Wage growth and inflation
It seems that at least part of the reason the Fed has been so intent on raising interest rates is to prevent a so-called wage-price spiral, in which price increases beget wage increases that beget prices increases again. Per April's report, wages rose 5.5 percent annually, but average hourly earnings only increased 0.3 percent last month (that's compared with 0.5 percent in March). Though fast wage growth is better for workers (particularly when prices are so high), "it has also been threatening to keep inflation elevated, both as strong demand persists and as companies raise costs to cover climbing labor expenses," The New York Times writes. This month's slightly-moderated increase might therefore prove "welcome news" for the Fed "if it lasts."

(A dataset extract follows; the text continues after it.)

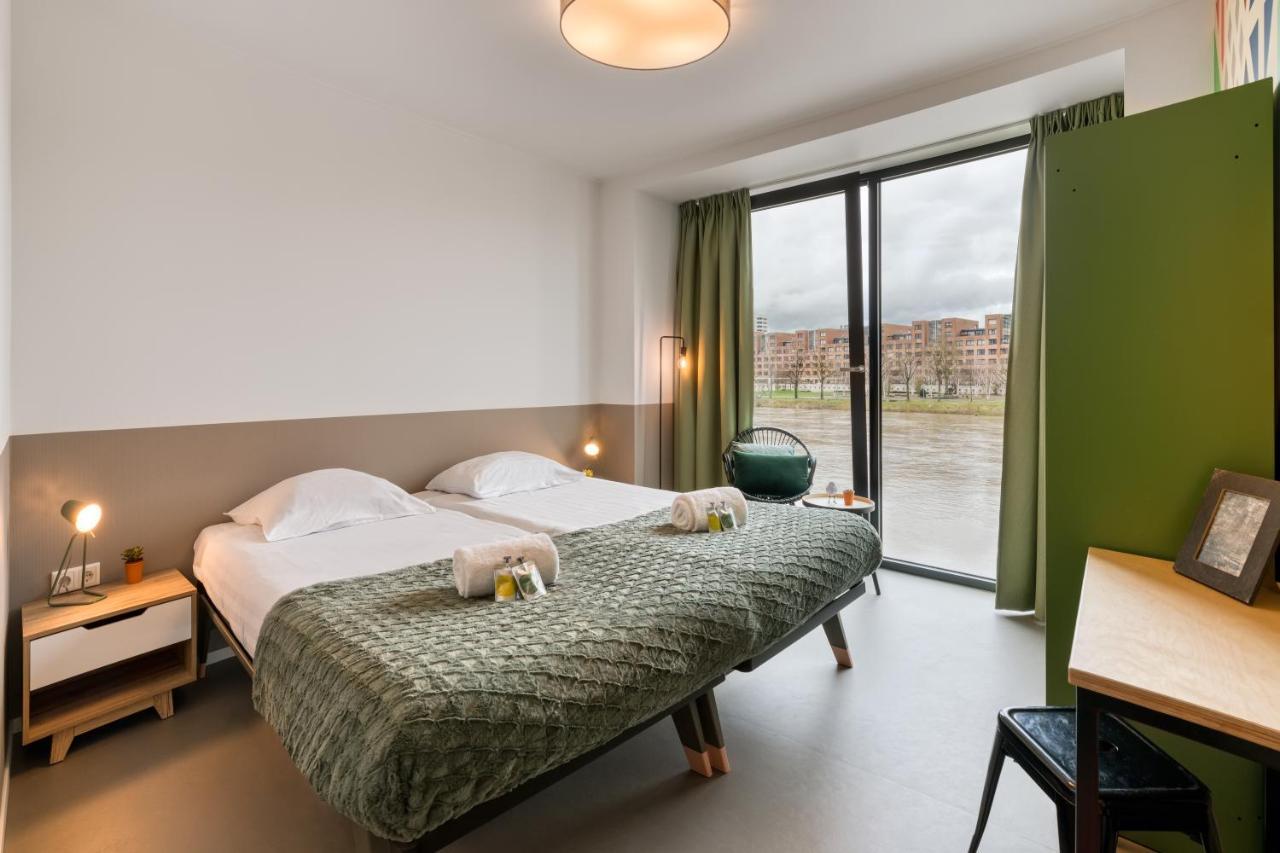 Stayokay Hostel 마스트리흐트 외부 사진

Jason Furman, chair of the Council of Economic Advisers under former President Barack Obama, agreed: "Nothing in this will or should change what the Fed does in June, but is another sign that the underlying inflation trend may be lower than I thought and coming down."
Economist Mohamed A. El-Erian said the strength of April's report does not seem to be an immediate threat to the risk of a wage-price spiral. "No matter how you look at it," added Economic Policy Institute's Elise Gould, "nominal wage growth is moderating (and decidedly not accelerating)." "We can keep labor markets tight without feeding inflation," she continued.

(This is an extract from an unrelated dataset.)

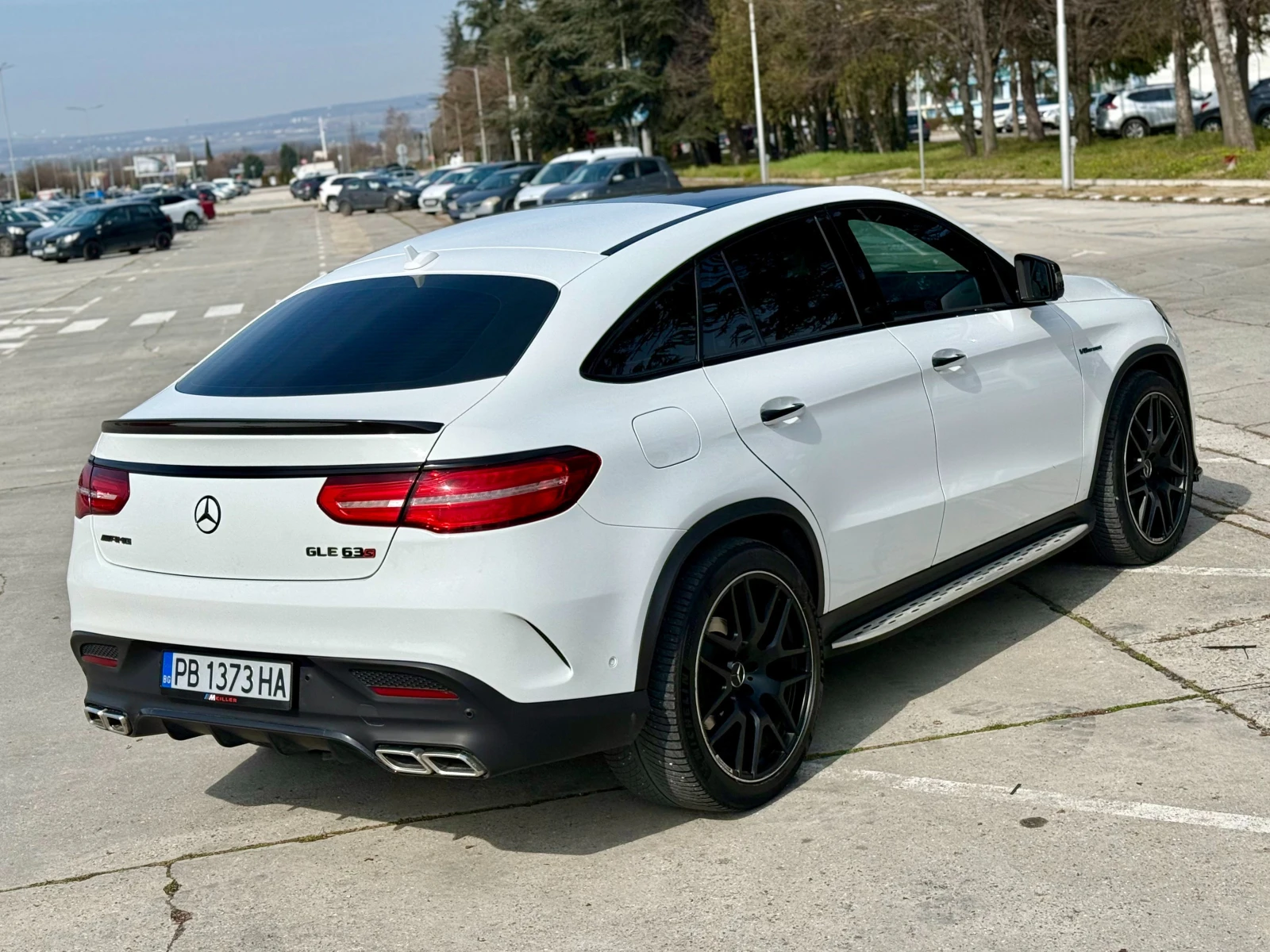 Mercedes-Benz GLE 350 | Mobile.bg � ����������� 6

Not yet 'mission accomplished,' but…
April's growth is positive — but it's "not yet mission accomplished," noted Economic Policy Institute President Heidi Shierholz. There's a "huge hole" in the labor market, but "that gap is closing rapidly," she said.
The economy is at a "pivot point," suggested Politico's Chief Economic Correspondent Ben White. That is, we're seeing "recovery with a lotta momentum," added University of Michigan economics professor and New York Times contributor Justin Wolfers. "It's hard to see where all that recession talk is coming from." If you're not pleased by April's jobs report, "you're a professional grump," he added.
And at least "for now," said New York Times economics reporter Ben Casselman, "I'm not reading too much into the one-month drop in the labor force." When taken alongside the last six months, "the labor force is growing, but not quite as quickly as we thought (or had hoped). Not great, but not enough to set off major alarm bells given other data."